# John Hall Commodity Trading Course - any views



## cronley (28 Aug 2007)

See [broken link removed]
John Hall is running training course for Commodity trading. Cost is €1200 for initial weekend, plus €400 each for nine monthly one day sessions - total cost €4800.
Has anyone any experience of this, or any views on whether it is likely to be good value for money. Is it likely one could learn as much from books & internet.


----------



## CCOVICH (28 Aug 2007)

€4,800  . That will eat up a lot of your potential returns when you start trading!


----------



## gonk (28 Aug 2007)

cronley said:


> Is it likely one could learn as much from books & internet.


 
Yes, judging by the course outline on their website - and you could buy an awful lot of books for €4,800.

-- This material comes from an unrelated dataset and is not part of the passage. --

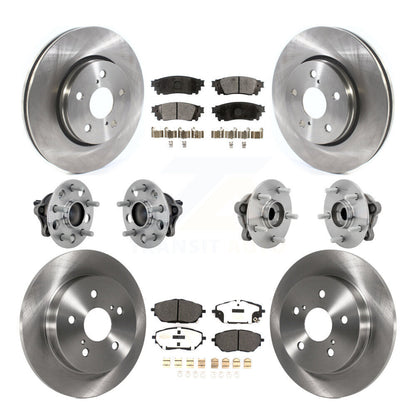 Kit de rotors et plaquettes de frein à disque, roulements de moyeu avant et arrière (10 pièces) pour Toyota C-HR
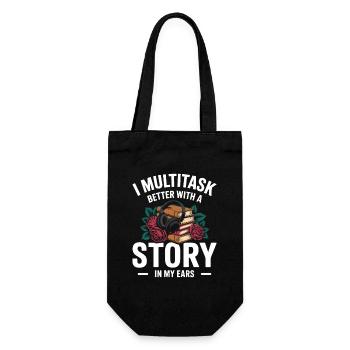 Livres audio Multitâche Histoires Livres Nerd - Sac à bouteille - noir - Devant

Try Mark Shipman's "The Next Big Investment Boom" for good introductory coverage of just about everything on their syllabus.

[broken link removed]


----------



## Lathen (6 May 2009)

I did this course and to be honest it wasn;t up to much.
Same 'oul repetitive speal for 12 months!

Now he owes me money and noone can find him!


----------



## dockingtrade (7 May 2009)

commodities are going to rise as the economy recovers...thats pretty much it no?


----------



## dunkamania (8 May 2009)

Lathen said:


> Now he owes me money and noone can find him!


 
Care to calrify, there is alot of ways that statement could be taken


----------



## RolCor (10 Nov 2009)

I think there are many people that John owes money to. Why dont we put a pot to gether to get him found? Any takers? I am happy to lobby this more in Cork.


----------